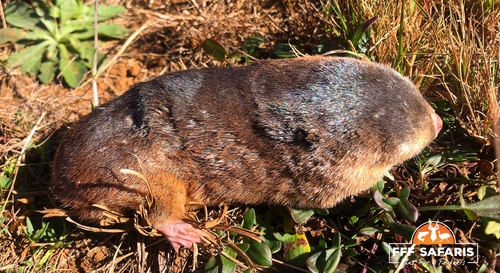Highveld Golden Mole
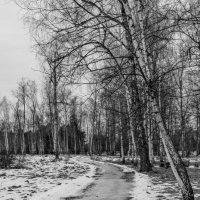 Такая зима, такая фотография, Ч/Б :: Георгий А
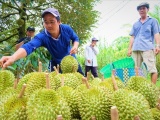 Sầu riêng trở thành loại trái cây có kim ngạch xuất khẩu lớn nhất Việt Nam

__What you are asked to do__: The material above holds pictures; copy everything else in it exactly.

__Answer__:
Highveld Golden Mole
 Такая зима, такая фотография, Ч/Б :: Георгий А
 Sầu riêng trở thành loại trái cây có kim ngạch xuất khẩu lớn nhất Việt Nam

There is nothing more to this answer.